- Exercise objective:
In the records below, repeat word for word only the lines starting at the one that contains "5 of 21 - 1549" and ending at the one that contains "Motel 6 ウェイクロス エクステリア 写真", pictures excluded.

- Records provided:

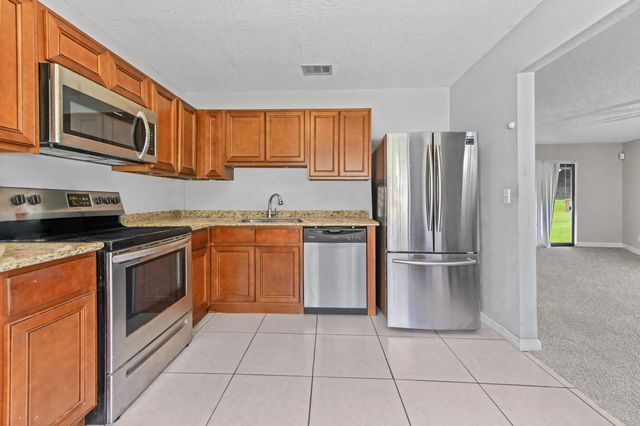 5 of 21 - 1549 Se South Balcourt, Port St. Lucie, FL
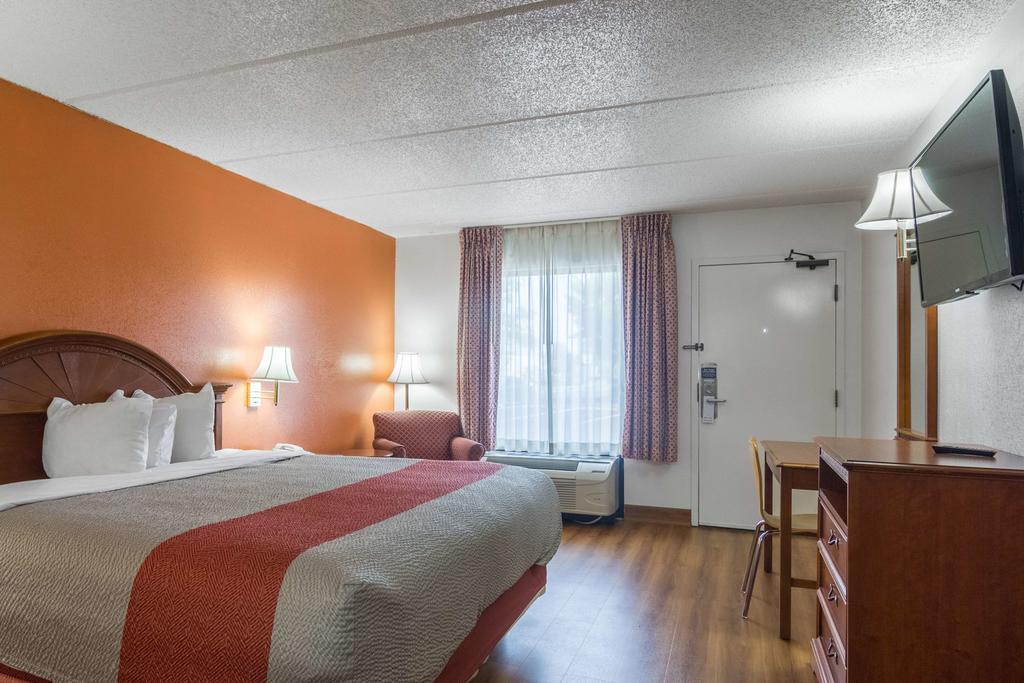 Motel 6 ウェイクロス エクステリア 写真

==

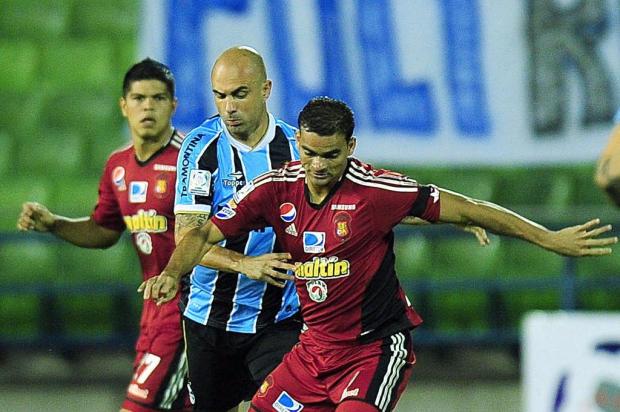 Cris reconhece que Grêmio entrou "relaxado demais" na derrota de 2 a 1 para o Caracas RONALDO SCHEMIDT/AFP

- Solved exercise:
 5 of 21 - 1549 Se South Balcourt, Port St. Lucie, FL
 Motel 6 ウェイクロス エクステリア 写真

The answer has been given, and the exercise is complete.